Faylay~しあわせの魔法
ヴァンガードはフェイレイから操縦桿を奪い、座席から叩き落すと、サッと辺りに視線を走らせる。

「お、ヴァン、出来んの?」

「貴方よりは、きっとね!」

計器類の中にあるミサイル探知機が赤く光っている。

後ろから迫ってきていることに気付いたヴァンガードは、スロットルを開け、操縦桿を引いた。

目の前を滑空する飛行艇たちを掠めるように上昇し、ミサイルは避けた黒い飛行艇に直撃した。

「ひゅう~! ヴァン、お前天才!」

と、ヴァンガードに抱きつくと。

「うるさいですよ! 後ろに座っててください!」

そう、怒られた。

すごすごと後ろにやってきたフェイレイに、リディルは笑みを向ける。
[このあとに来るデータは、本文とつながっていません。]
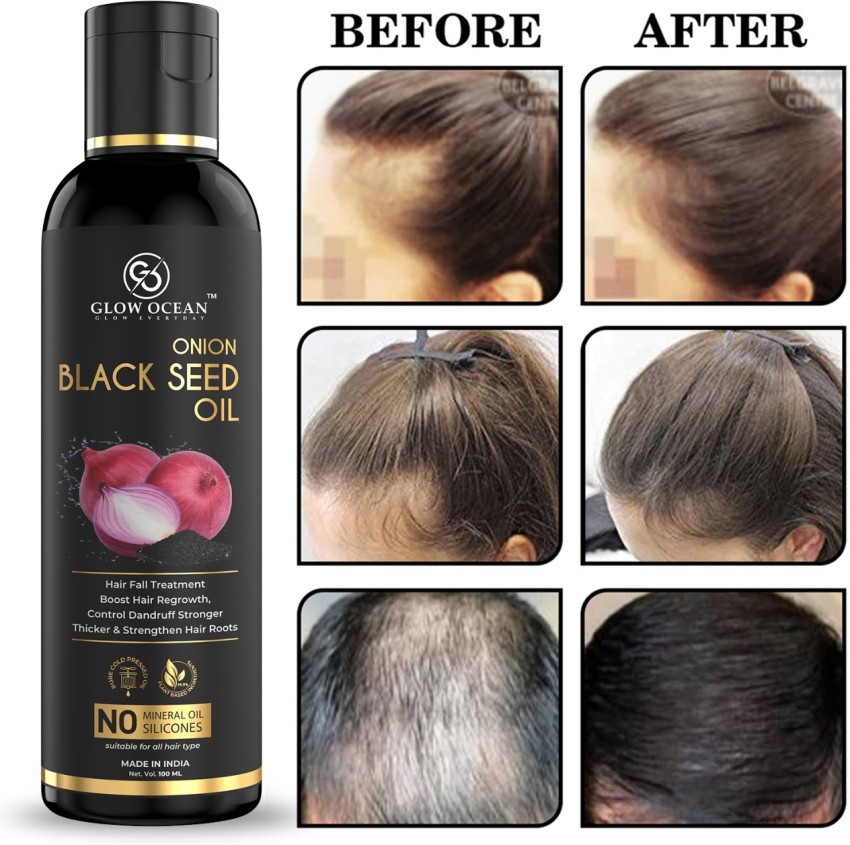 KURAIY Natural Red Onion Black Seed Hair Oil  WITH COMB APPLICATOR  NO  Mineral Oil Silicones Cooking Oil 50 ml   MEN  WOMEN  JioMart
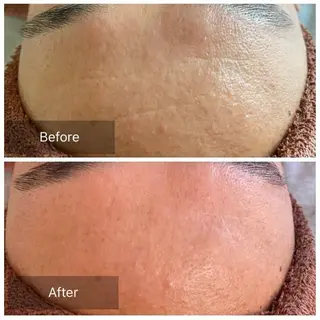 メンズ 美肌・リラクゼーションサロンLu,Mie所属・美肌と癒しのサロン Lu,Mieのエステ・リラクイメージ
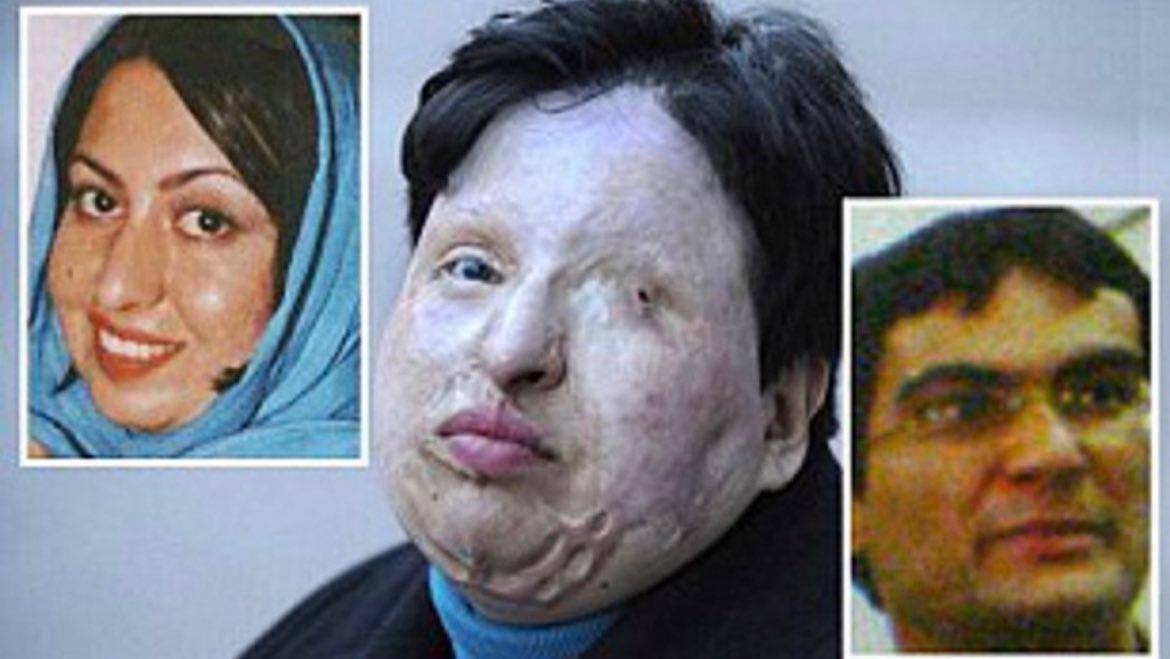 Student Pours Acid On Iranian Woman Because Of Rejected Love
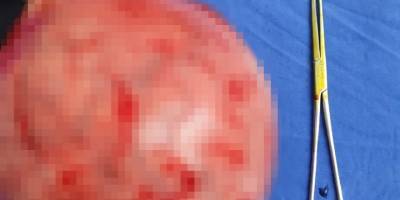 Tıpta nadir durum: Karnından 20 santim büyüklüğünde miyom çıktı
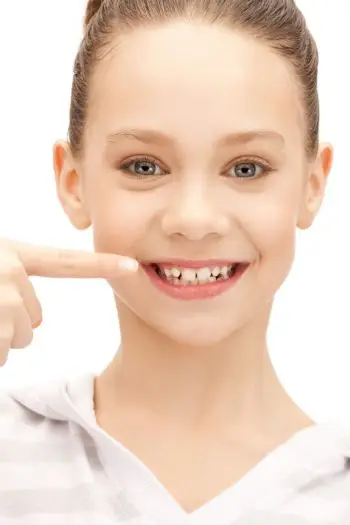 Специфика лечения молочных зубов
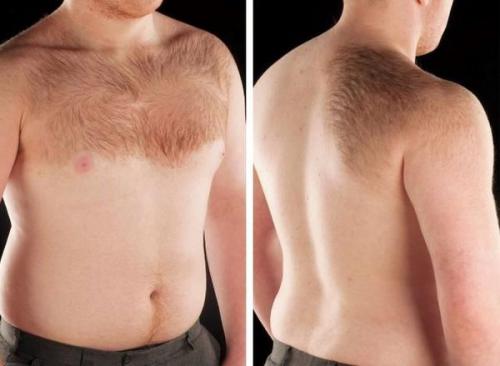 Как убрать пигментные пятна. Пигментация лица: как убрать 03 Как убрать пигментные пятна. Пигментация лица: как убрать 03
フェイレイもそれに応え、微笑んだところで……。

「あれは!?」

ヴァンガードが声を上げた。

遠くの方から、徐々に空が暗く染まってきている。

「……魔族」

リディルが小さく呟く。

「魔族?」

ずっと目を閉じていたローズマリーも、目を大きく開けて、迫ってくる魔族の群れを眺めた。

遠くに見えていた暗い影はあっという間に眼前に迫り、飛行艇の傍をびゅんびゅんと通り過ぎていく。

大きな鋼鉄のような翼を羽ばたかせ、紫暗色の鱗を持つ、ドラゴンの顔をした魔族は。